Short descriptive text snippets
○ ○ ○ ○ ○ ○ ○
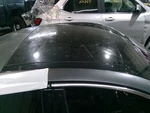 (local Pickup Only) Roof Glass Sedan Fits 15-20 Audi A3 991675. Fixed Price $200.00.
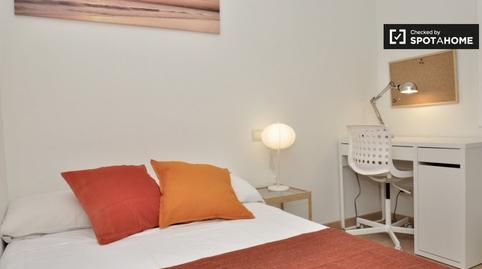 Photo 2 of Flat to share in El Camp d'en Grassot i Gràcia Nova, Barcelona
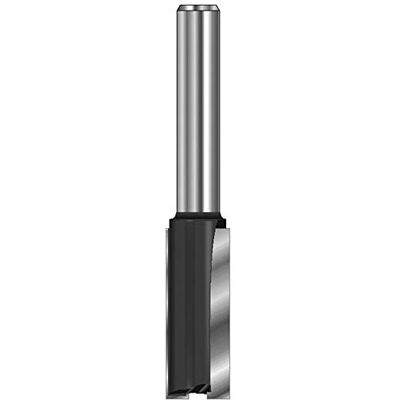 ENT 10390 Morango de ranhura, em carboneto, haste (S) de 8 mm, diâmetro (D) de 15 mm, comprimo de corte (NL) de 20 mm, comprimo da haste (SL) de 32 mm, comprimo total (GL) de 52 mm ENT 10390 Morango de ranhura, em carboneto, haste (S) de 8 mm, diâmetro (D) de 15 mm, comprimo de corte (NL) de 20 mm, comprimo da haste (SL) de 32 mm, comprimo total (GL) de 52 mm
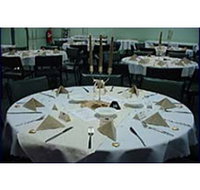 British Working Mens Club Inc - Gold Coast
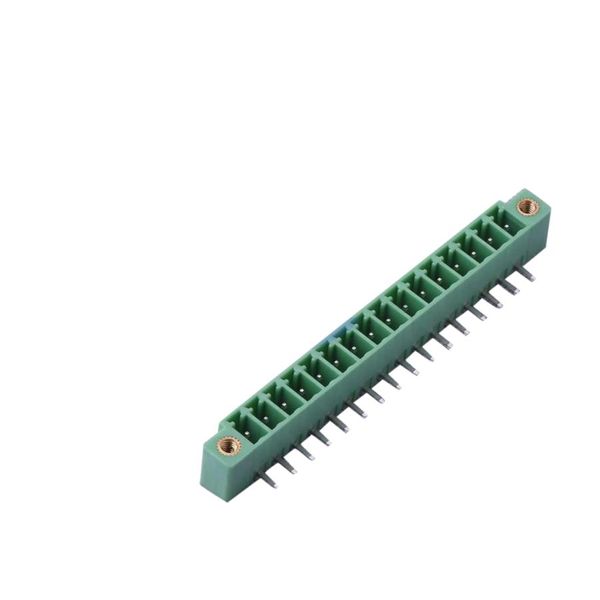 DB2ERM-3.81-16P-GN electronic component of DIBO
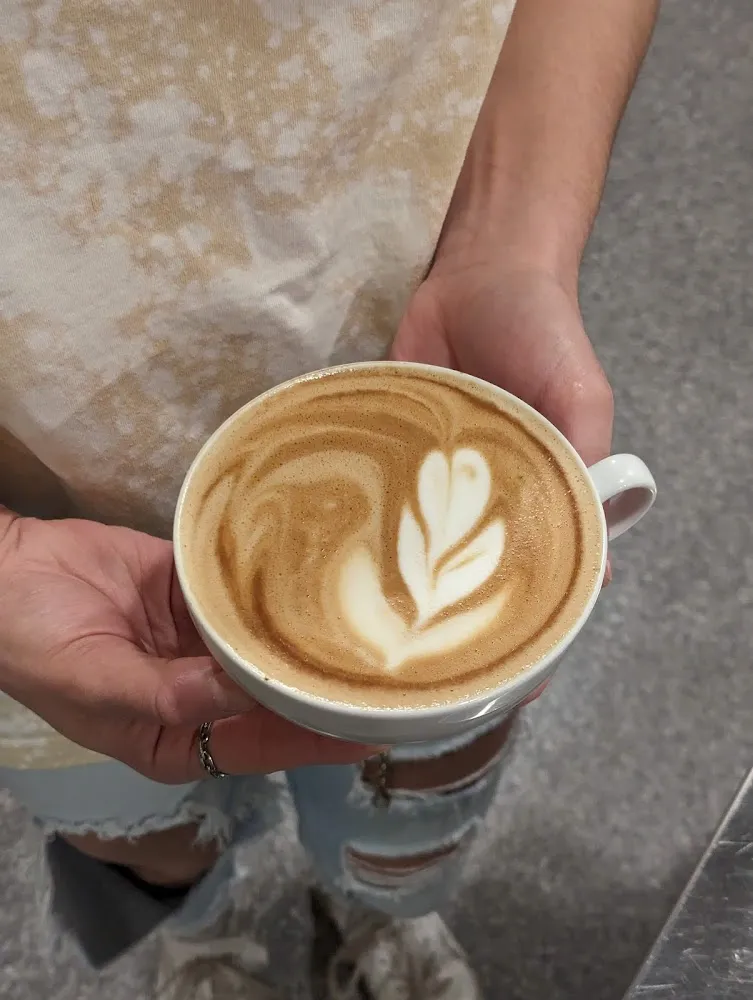 Cortado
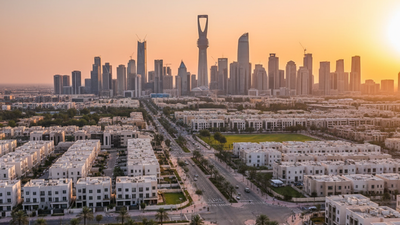 Saudi Arabia imposes fines up to SR2 million in new municipal violation rules | World News Saudi Arabia imposes fines up to SR2 million in new municipal violation rules | World News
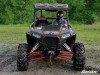 Side X Side UTV Polaris RZR XP 1000/S 1000 Plastic Roof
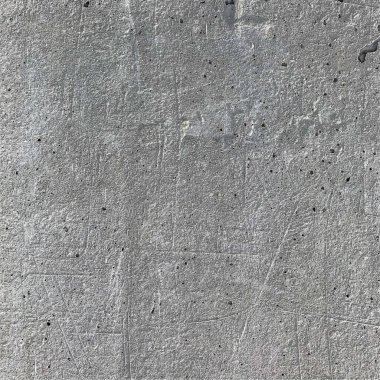 Beton duvar arka planı. Beton duvar dokusu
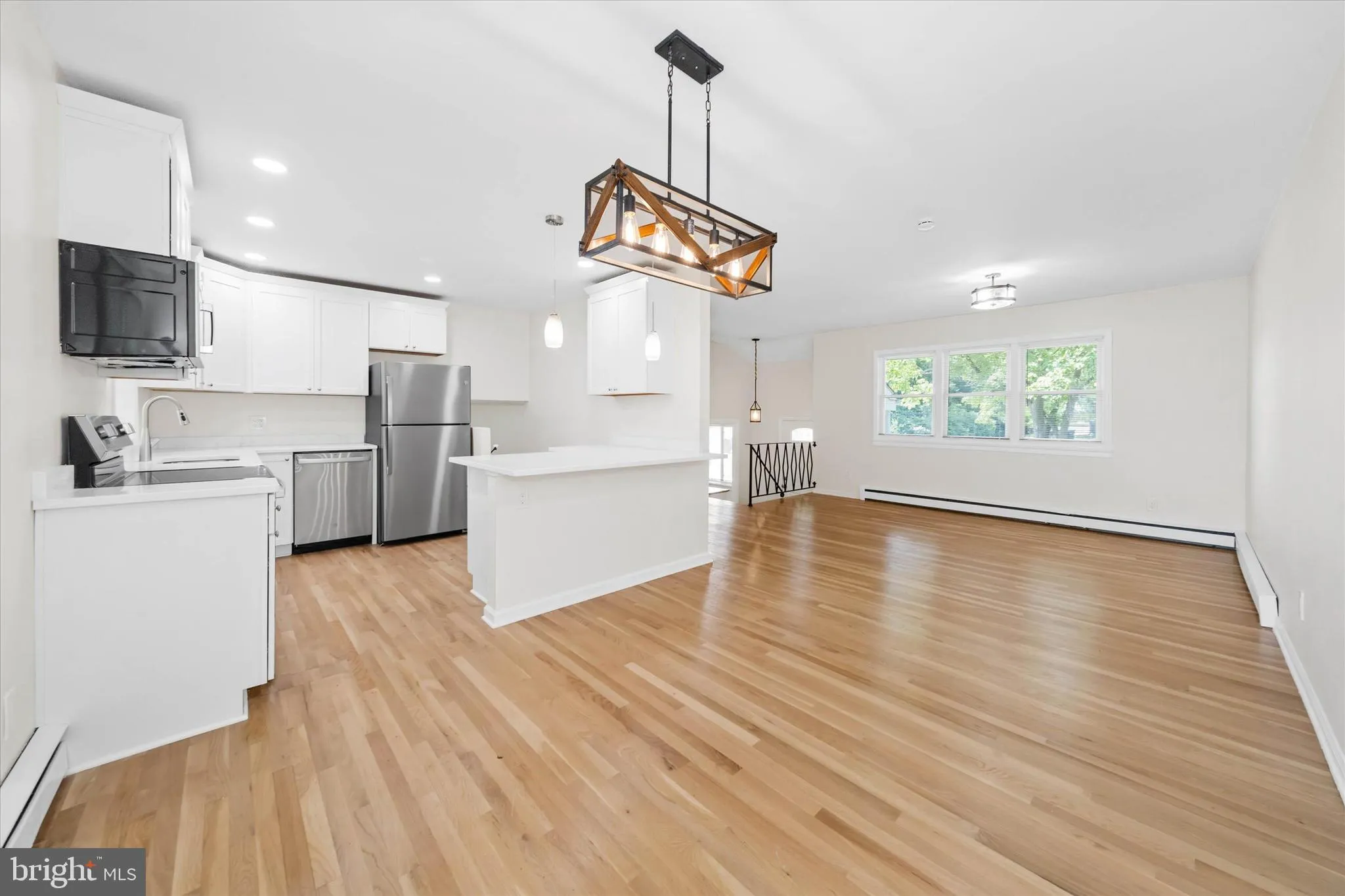 Dover, Delaware 19904, United States, 4 Bedrooms Bedrooms, ,2 BathroomsBathrooms,Residential,Active,179313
○ ○ ○ ○ ○ ○ ○
Exercise.
The job here is to retype the data exactly, with no pictures included.

Output for this exercise.
 (local Pickup Only) Roof Glass Sedan Fits 15-20 Audi A3 991675. Fixed Price $200.00.
 Photo 2 of Flat to share in El Camp d'en Grassot i Gràcia Nova, Barcelona
 ENT 10390 Morango de ranhura, em carboneto, haste (S) de 8 mm, diâmetro (D) de 15 mm, comprimo de corte (NL) de 20 mm, comprimo da haste (SL) de 32 mm, comprimo total (GL) de 52 mm ENT 10390 Morango de ranhura, em carboneto, haste (S) de 8 mm, diâmetro (D) de 15 mm, comprimo de corte (NL) de 20 mm, comprimo da haste (SL) de 32 mm, comprimo total (GL) de 52 mm
 British Working Mens Club Inc - Gold Coast
 DB2ERM-3.81-16P-GN electronic component of DIBO
 Cortado
 Saudi Arabia imposes fines up to SR2 million in new municipal violation rules | World News Saudi Arabia imposes fines up to SR2 million in new municipal violation rules | World News
 Side X Side UTV Polaris RZR XP 1000/S 1000 Plastic Roof
 Beton duvar arka planı. Beton duvar dokusu
 Dover, Delaware 19904, United States, 4 Bedrooms Bedrooms, ,2 BathroomsBathrooms,Residential,Active,179313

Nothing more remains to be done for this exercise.